#### PROBLEM DETAILS
Exclude the pictures, then quote exactly the lines from the one holding "zervikale Osteochondrose" through the last line of the records.
[[ RECORDS TO USE, beginning ]]
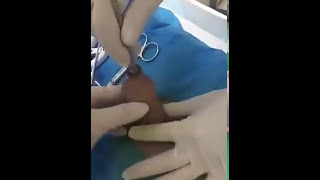 circumcision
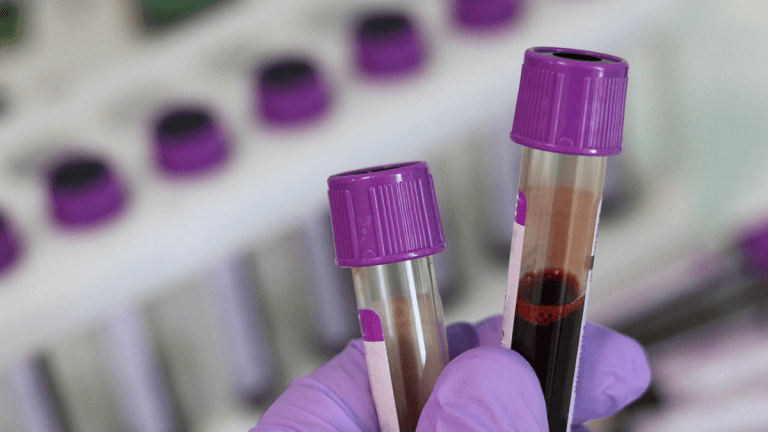 Buen progreso: examen de sangre ayudará a detectar diferentes tipos de cáncer 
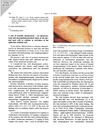 A Case of Systemic Mastocytosis: An Ultrastructural and Immunohistochemical Study of Dermal Mast Cells in Relation to Activation of the Epidermal Melanin Unit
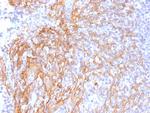 Catenin, beta (p120) Antibody in Immunohistochemistry (Paraffin) (IHC (P))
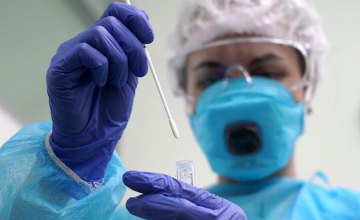 ​В Украине зафиксировано 33 тыс. 234 случая коронавирусной болезни 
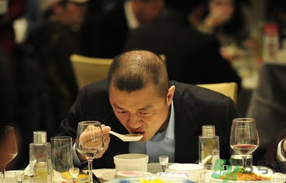 男人禿頂會(huì)遺傳嗎？男人禿頂是腎虛嗎？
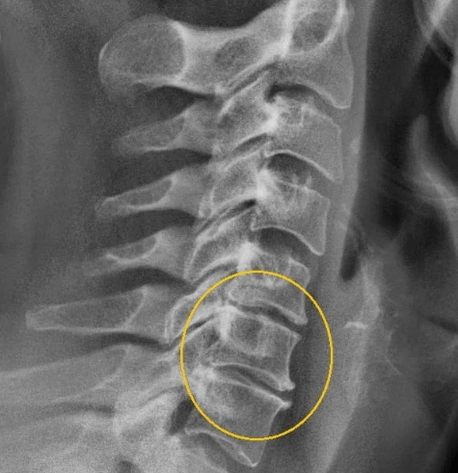 zervikale Osteochondrose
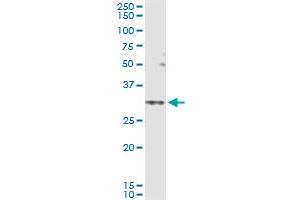 Immunoprecipitation (IP) image for anti-Solute Carrier Family 25 (Mitochondrial Carrier, Adenine Nucleotide Translocator), Member 5 (SLC25A5) (AA 1-298) antibody (ABIN947558)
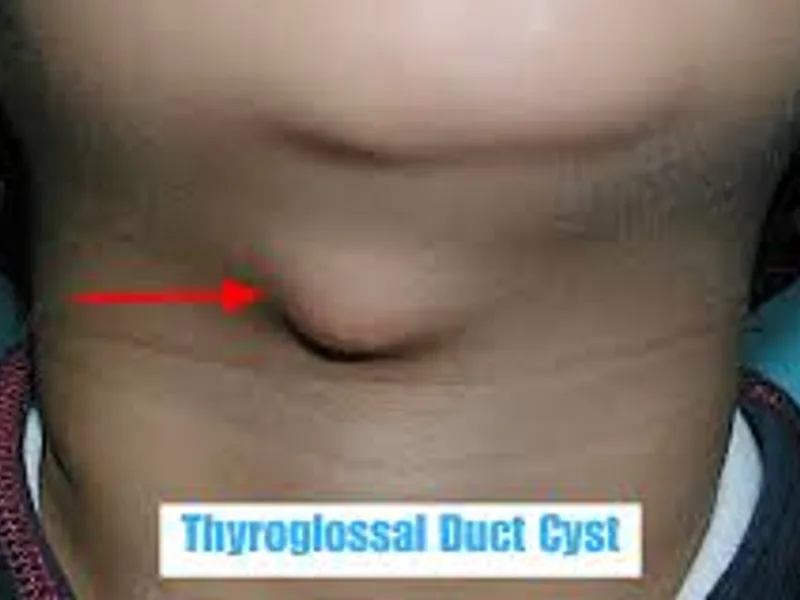 Excision of Branchial Cyst Surgery & Treatment in Deoghar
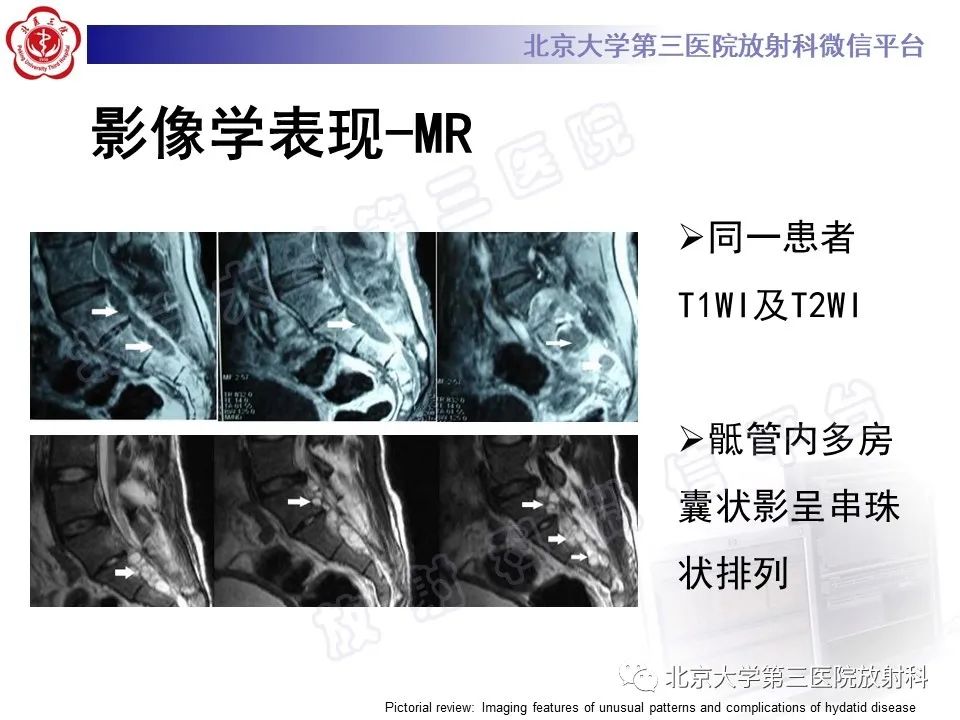 影像PPT - 【PPT】骨包虫病-29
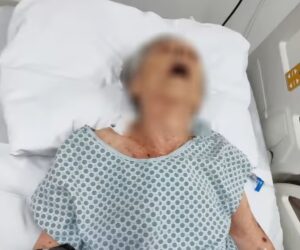  Woman Declared Dead Found Alive In Hospital Morgue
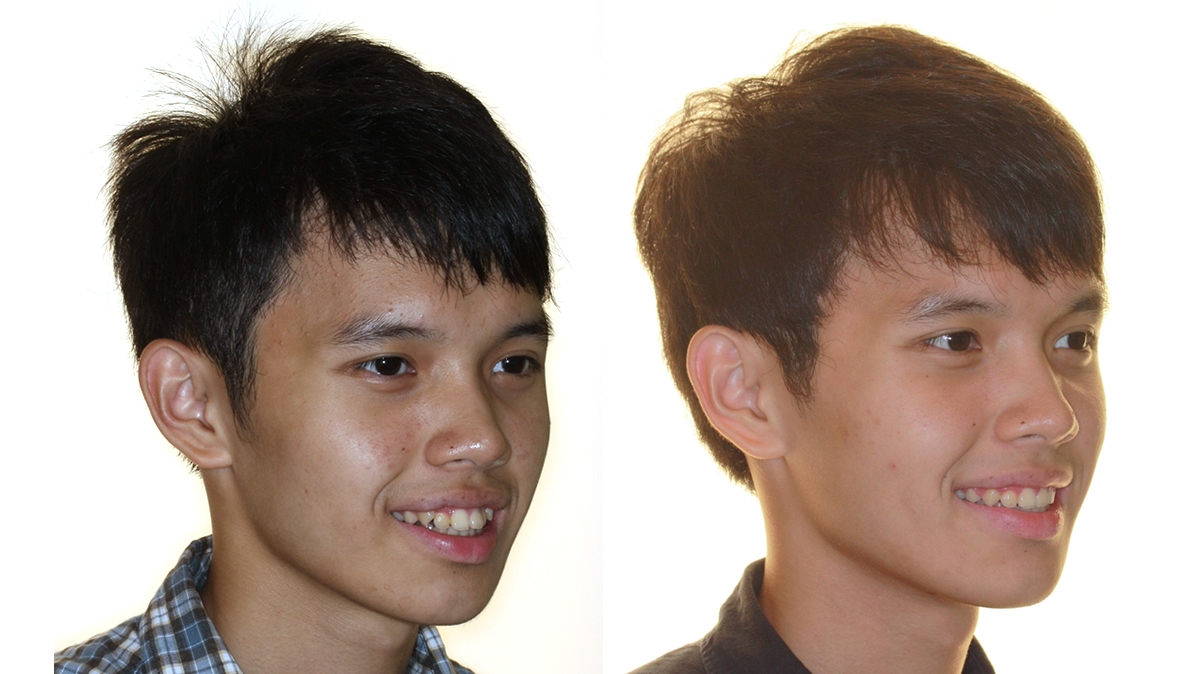 暴牙牙齒矯正對照圖二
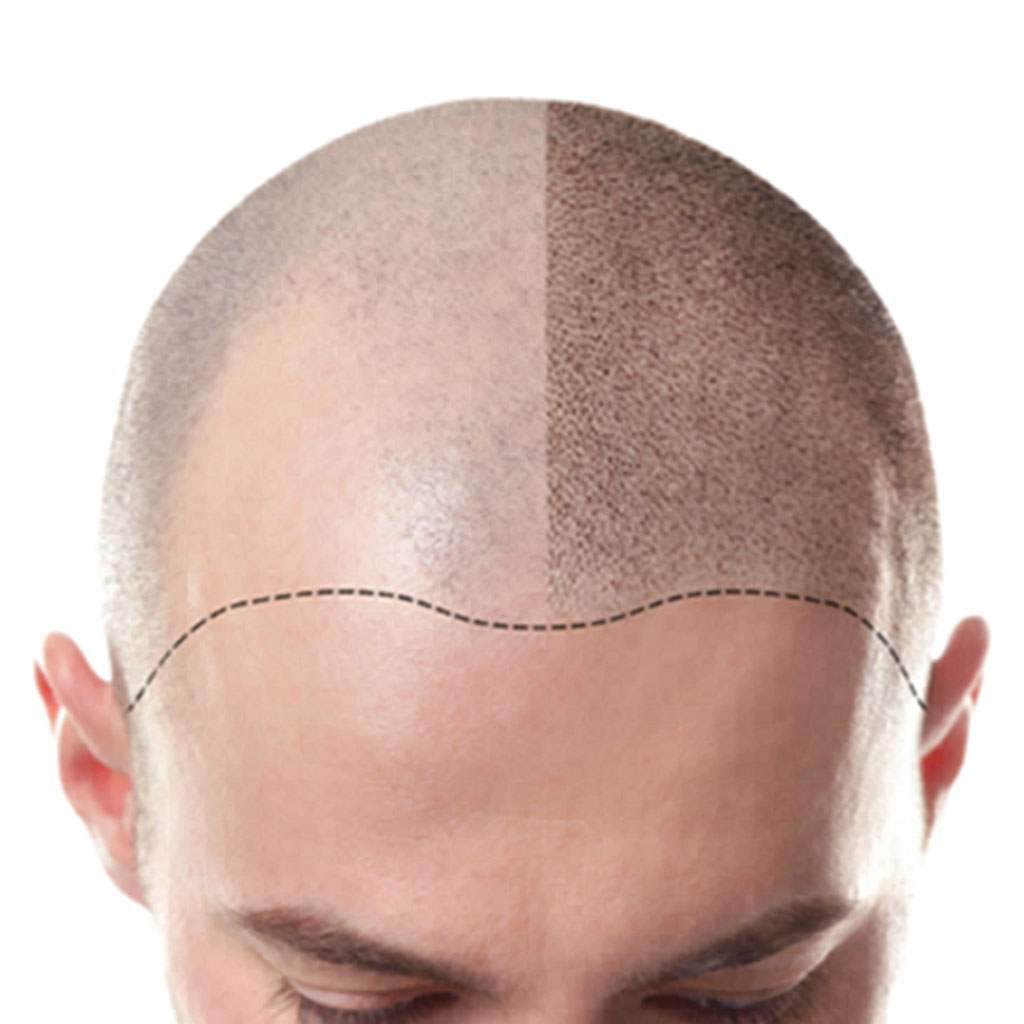 Before and after tricopigmentation on a shaved scalp, showcasing the transformation from visible hair loss to a fuller, natural-looking appearance.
[[ RECORDS TO USE, end ]]
#### SOLUTION TO THIS TASK
 zervikale Osteochondrose
 Immunoprecipitation (IP) image for anti-Solute Carrier Family 25 (Mitochondrial Carrier, Adenine Nucleotide Translocator), Member 5 (SLC25A5) (AA 1-298) antibody (ABIN947558)
 Excision of Branchial Cyst Surgery & Treatment in Deoghar
 影像PPT - 【PPT】骨包虫病-29
  Woman Declared Dead Found Alive In Hospital Morgue
 暴牙牙齒矯正對照圖二
 Before and after tricopigmentation on a shaved scalp, showcasing the transformation from visible hair loss to a fuller, natural-looking appearance.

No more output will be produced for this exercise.